Yes, we’re still talking about this. Forgive me, I’m just as tired of it as you are. But for the unrighteously indignant…

So one more time with feeling, the Lakers, Rockets, and Hornets had agreed on a trade last December. Chris Paul goes to the Lakers, Pau Gasol goes to the Rockets and magically solves all their problems, and a bunch of older players on the decline and a Knicks latter-half first-round pick go to New Orleans. Then Emperor Stern came in and ruined everything because he hates the Lakers just hates them and vetoed the trades as acting commissioner of the NBA because Dan Gilbert wanted him to and because, again, he hates the Lakers.
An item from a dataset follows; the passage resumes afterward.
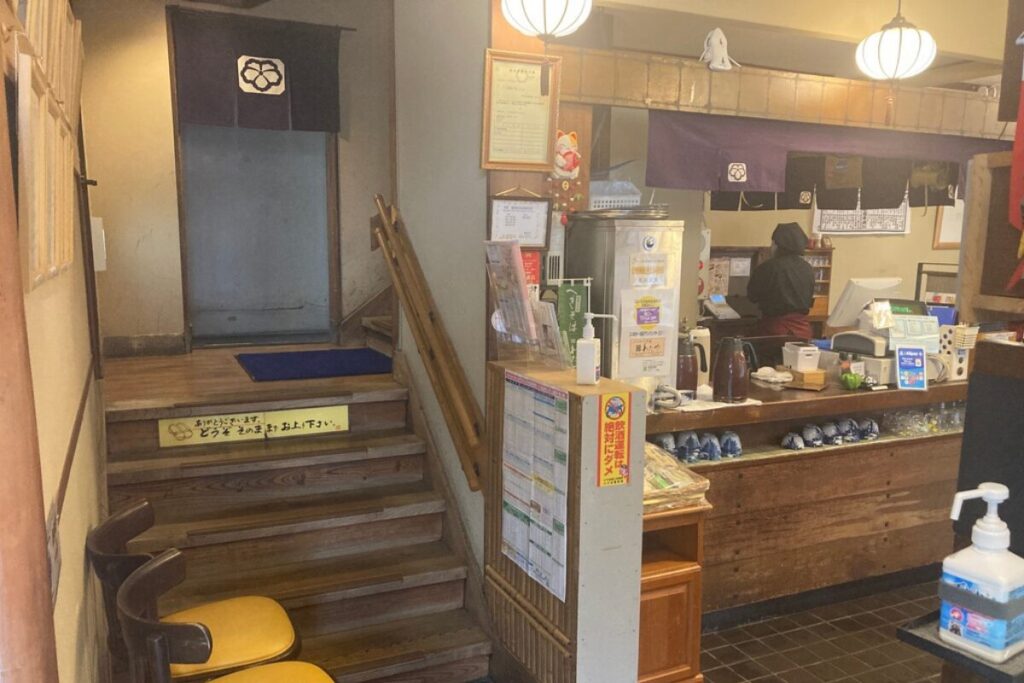 レジの横に階段があります。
That’s the popular sentiment which is in no way rooted in fact.

(Reality: Stern vetoed the trade as acting owner of the Hornets, a move which Mark Cuban said at the Sloan Sports Analytic Conference was not uncommon in any way for any anowner, surprise surprise, because it took on long-term money for marginal players in pursuit of short-term gains in the win column while sacrificing long-term flexibility which is pretty much the worst way to rebuild ever. Fin.)

But there’s something that’s stuck with analysts for a long time. Trying to construct that trade? It left a big old salary hole. There was a missing component. The numbers do not compute. Error, error. I’m sorry, I can’t do that trade, David. The assumption was that they would have found a way around it, but the reality is with the salary situations of all three teams, that was going to be difficult.

And now late Friday night, ESPN’s Marc Stein reports that the big hang-up was actually… Jason Smith. That’s right.

The principal pieces of the original three-team deal were indeed all agreed to: Paul would be going to the Lakers; Pau Gasol was bound for Houston; and New Orleans would be receiving Lamar Odom, Luis Scola, Kevin Martin and Goran Dragic, along with a 2012 first-round draft pick from the Rockets that had been previously acquired from the New York Knicks. But based on that trade construction, sources say the Lakers would have been forced to absorb another $3 million more in salary to make the cap math work.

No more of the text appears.